(Items listed in a dataset)
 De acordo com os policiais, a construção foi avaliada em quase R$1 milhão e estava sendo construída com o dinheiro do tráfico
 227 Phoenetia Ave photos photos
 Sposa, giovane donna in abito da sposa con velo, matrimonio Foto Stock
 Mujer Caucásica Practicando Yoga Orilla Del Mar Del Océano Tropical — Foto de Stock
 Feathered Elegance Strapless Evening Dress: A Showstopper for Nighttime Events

DIRECTIONS FOR THIS TASK:
Transcribe the records above exactly, but only from the line that contains "Mujer Caucásica Practicando" through their final line, inclusive.

SOLUTION TO THIS TASK:
 Mujer Caucásica Practicando Yoga Orilla Del Mar Del Océano Tropical — Foto de Stock
 Feathered Elegance Strapless Evening Dress: A Showstopper for Nighttime Events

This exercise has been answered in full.